Die klagende KK hat Zurückweisung der Berufung beantragt. Den gleichen Antrag hat die beigeladene BfArb gestellt. Auch die beigeladene BfA hält die Berufung für unbegründet, Sie verweist darauf, daß das durch Art. 140 GG, Art. 137 Abs. 3 WRV den Kirchen eingeräumte Recht, ihre Angelegenheiten innerhalb der Schranken der für alle geltenden Gesetze selbständig zu ordnen, nicht ausschließe, daß diese wie auch immer gestaltete Ordnung hinsichtlich ihrer sozialversicherungsrechtlichen Folgen nach den zwingenden Vorschriften des für alle geltenden Sozialversicherungsrechts beurteilt werde. Das Dienstverhältnis eines Predigers zu einer Freien evangelischen Gemeinde sei durch deren feste, hergebrachte Ordnung hinreichend deutlich umrissen, so daß eine ins einzelne gehende Festlegung der beiderseitigen Rechte und Pflichten unnötig gewesen sei.

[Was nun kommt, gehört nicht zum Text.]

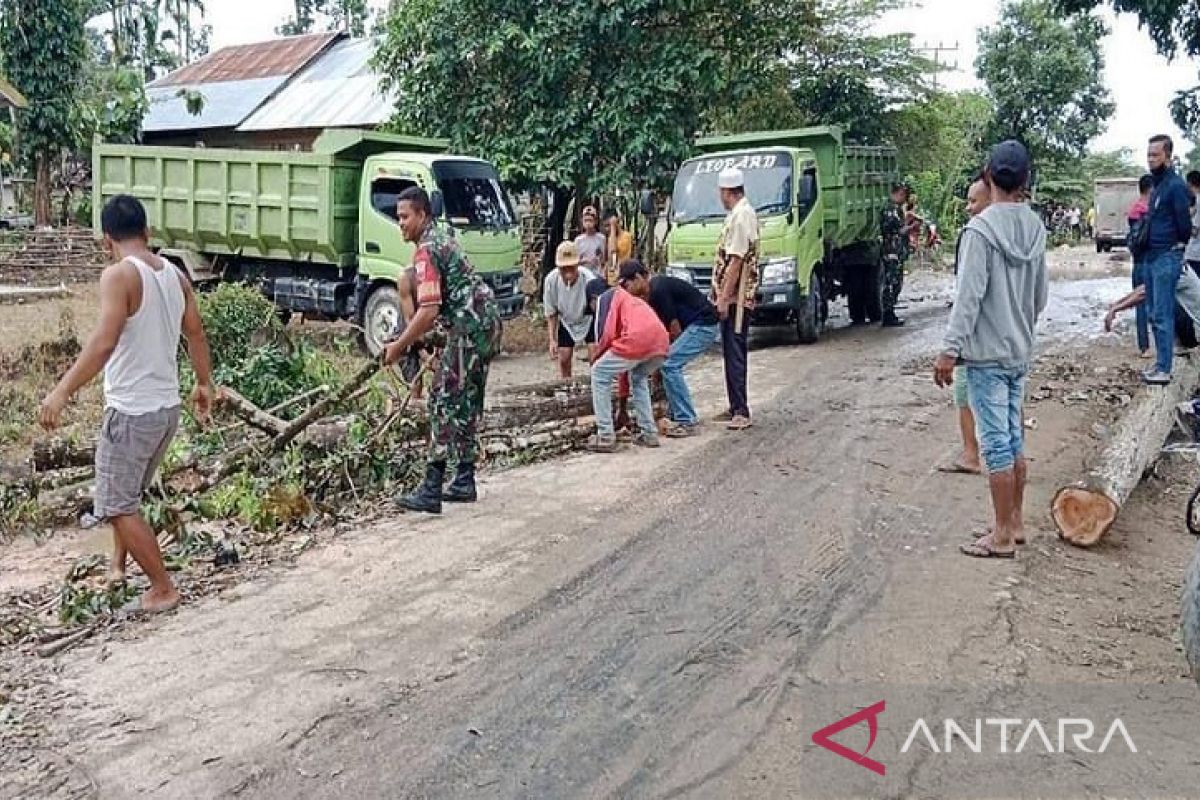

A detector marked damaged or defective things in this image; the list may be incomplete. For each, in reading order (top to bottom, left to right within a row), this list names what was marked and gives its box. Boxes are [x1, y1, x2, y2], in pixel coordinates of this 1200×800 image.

Die persönliche Abhängigkeit der Prediger werde nicht dadurch ausgeschlossen, daß sie die Art und Weise ihrer Tätigkeit selbst bestimmen könnten. Auch Hochschullehrer, leitende Ärzte von Krankenhäusern ... u.ä. übten, wiewohl abhängig beschäftigt, ihre Tätigkeit in verhältnismäßig großer Unabhängigkeit aus.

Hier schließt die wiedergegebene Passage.